= Phelim Caoch O'Neill =

Phelim Caoch O'Neill (Irish: Feidhlimidh Caoch Ó Néill, 1517-1542) was a prince of the Cenél nEógain.

The eldest son of King Conn Bacach O'Neill. The then O'Neill, Conn's dynasty held lordship over significant parts of Ulster. Phelim's mother, Lady Alice Fitzgerald, was a daughter of Gerald FitzGerald, 8th Earl of Kildare. Phelim's father and maternal grandfather were among the most powerful men in Ireland in early sixteenth-century Ireland.

==Early life==
Phelim Caoch (the blind) was a son of Conn Bacach, then The O'Neill, lord of Tyrone. Phelim was raised in the Gaelic fashion at his father's principal residence, his castle at Dungannon, County Tyrone, and was groomed as his father's taniste to one day succeed as lord of Tyrone himself. At the time of his birth, his uncle was The O'Neill, but in 1519, Phelim's father Conn Bacach assumed the title, which was the senior position among the three major O'Neill dynasties: Tyrone, the Fews, and Clanaboy. The O'Neill was traditionally the provincial king of Ulster, with traditional authority over the subservient kings (known as uirríthe in Irish) of the province. Phelim grew up learning the diplomacy and art of rule and war in Ulster. He took part in activities of his father's kingdom, including a stint as a hostage to the English just before his death. A part of Irish culture of that period was the custom of raiding. Raids against neighbouring lords for cattle was a primary past time for young noblemen. Especially in Ulster, cattle was main element of wealth. Thus the outcome of a raid weakened or promoted a junior Lord in the sixteenth century Ireland.

==Later life==
Phelim was married to Honora O'Neill, daughter of Phelim O'Neill of Edenduffcarrick in Clanaboy. They had a son named Tirlough Brassileagh O'Neill. He gained his nickname from fosterage on the Clan Brassill in southern Ulster.

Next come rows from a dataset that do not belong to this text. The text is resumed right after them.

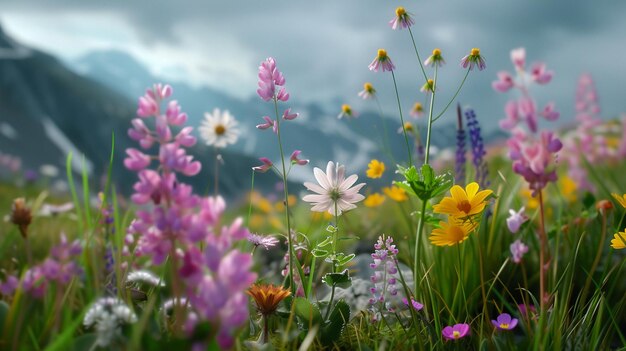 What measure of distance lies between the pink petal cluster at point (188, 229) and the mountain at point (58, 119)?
134 ft

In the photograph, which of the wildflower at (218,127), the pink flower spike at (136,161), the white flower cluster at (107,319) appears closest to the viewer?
the pink flower spike at (136,161)

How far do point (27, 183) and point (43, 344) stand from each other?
33.6ft

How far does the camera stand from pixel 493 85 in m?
1.29

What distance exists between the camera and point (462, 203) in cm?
174

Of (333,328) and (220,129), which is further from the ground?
(220,129)

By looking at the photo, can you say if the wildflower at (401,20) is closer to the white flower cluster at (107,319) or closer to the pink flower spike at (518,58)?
the pink flower spike at (518,58)

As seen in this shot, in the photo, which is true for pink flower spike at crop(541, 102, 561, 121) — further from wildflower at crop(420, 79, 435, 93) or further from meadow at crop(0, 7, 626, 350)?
wildflower at crop(420, 79, 435, 93)

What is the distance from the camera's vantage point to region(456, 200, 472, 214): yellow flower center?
173cm

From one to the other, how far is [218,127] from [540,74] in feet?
5.35

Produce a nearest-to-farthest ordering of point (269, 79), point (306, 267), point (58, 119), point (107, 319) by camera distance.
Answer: point (107, 319) → point (269, 79) → point (306, 267) → point (58, 119)

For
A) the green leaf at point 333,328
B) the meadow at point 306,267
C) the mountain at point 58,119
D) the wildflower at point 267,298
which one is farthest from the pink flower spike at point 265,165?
the mountain at point 58,119

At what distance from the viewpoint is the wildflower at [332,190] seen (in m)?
1.77

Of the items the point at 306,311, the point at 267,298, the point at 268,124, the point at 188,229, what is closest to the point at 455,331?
the point at 306,311

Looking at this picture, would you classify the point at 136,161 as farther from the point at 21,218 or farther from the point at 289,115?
the point at 21,218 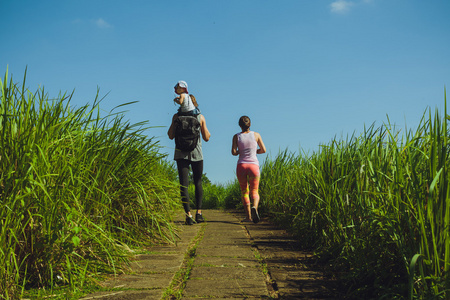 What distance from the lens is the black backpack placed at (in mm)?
5211

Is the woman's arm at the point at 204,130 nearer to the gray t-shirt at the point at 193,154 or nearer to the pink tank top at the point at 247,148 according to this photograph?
the gray t-shirt at the point at 193,154

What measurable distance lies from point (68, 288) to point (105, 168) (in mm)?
1027

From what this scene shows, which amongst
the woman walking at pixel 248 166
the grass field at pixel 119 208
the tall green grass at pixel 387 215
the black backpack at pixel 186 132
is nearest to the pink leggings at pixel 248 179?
the woman walking at pixel 248 166

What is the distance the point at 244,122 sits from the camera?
19.6 feet

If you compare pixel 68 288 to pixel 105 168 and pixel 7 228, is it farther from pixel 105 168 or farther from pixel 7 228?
pixel 105 168

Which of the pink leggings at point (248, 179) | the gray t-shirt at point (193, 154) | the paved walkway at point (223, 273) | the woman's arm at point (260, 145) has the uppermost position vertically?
the woman's arm at point (260, 145)

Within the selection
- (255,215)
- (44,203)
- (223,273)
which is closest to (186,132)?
(255,215)

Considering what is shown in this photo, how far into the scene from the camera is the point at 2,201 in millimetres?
2025

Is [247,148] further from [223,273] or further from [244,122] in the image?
[223,273]

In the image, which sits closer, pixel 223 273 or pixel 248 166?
pixel 223 273

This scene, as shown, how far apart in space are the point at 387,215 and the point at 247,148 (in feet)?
12.2

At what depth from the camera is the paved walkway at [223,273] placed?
2.30 meters

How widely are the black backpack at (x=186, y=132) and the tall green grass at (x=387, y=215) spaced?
5.75 feet

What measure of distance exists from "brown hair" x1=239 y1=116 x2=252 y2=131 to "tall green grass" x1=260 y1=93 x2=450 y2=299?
2.04 metres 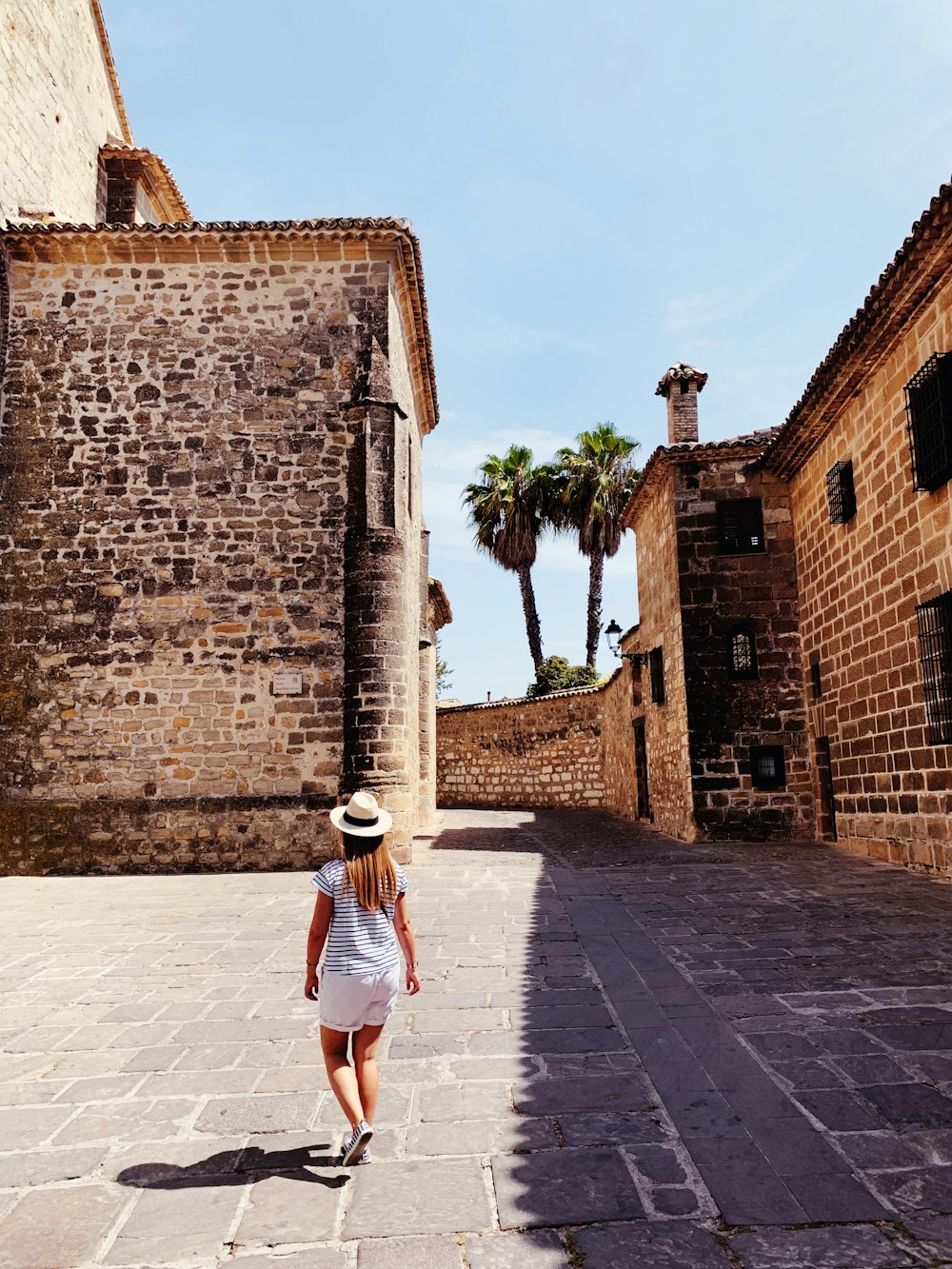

==Events surrounding his death==
It was a longstanding vendetta with the lord of one of his fathers MacDonnell Galloglass septs that cost him his life. In early 1542 "The son of Ó Néill (Phelim Caoch, son of Conn, son of Conn) was killed with one cast of a javelin by MacDonnell Gallowglagh" according to the entry recording his death in the Annals of the Four Masters of Ireland. He had been killed after a longstanding quarrel with his father's principal Galloglass commander Gillespic MacDonnell. Phelim Caoch was assassinated in the months just prior to his father's submission to King Henry VIII.

==Consequences==
One is left to wonder what might have happened had Phelim Caoch lived. After his death, Conn Bacach had no nominated taniste and capriciously passed over the interests of his son Shane, a boy of only six or seven years old, by favoring a sixteen-year-old affiliated adoptee named Mathew Kelly, (known in Irish as 'Feardorcha') the son of Alison Kelly (né, Roth), his current mistress. Conn's decision to take Mathew Kelly when he travelled to London to be created Earl of Tyrone would be the source of a sixty-year feud within the O'Neill dynasty when Mathew was made Baron of Dungannon and nominated as Conn's successor in English law, setting aside the superior claims of his sons, Conn Óg, Shane and Tirlough.

After Phelim Caoch's assassination Gillespic MacDonnell's galloglass sept became committed the adherents of Mathew (Feardorcha) and his descendants, and consistent supporters of English policy.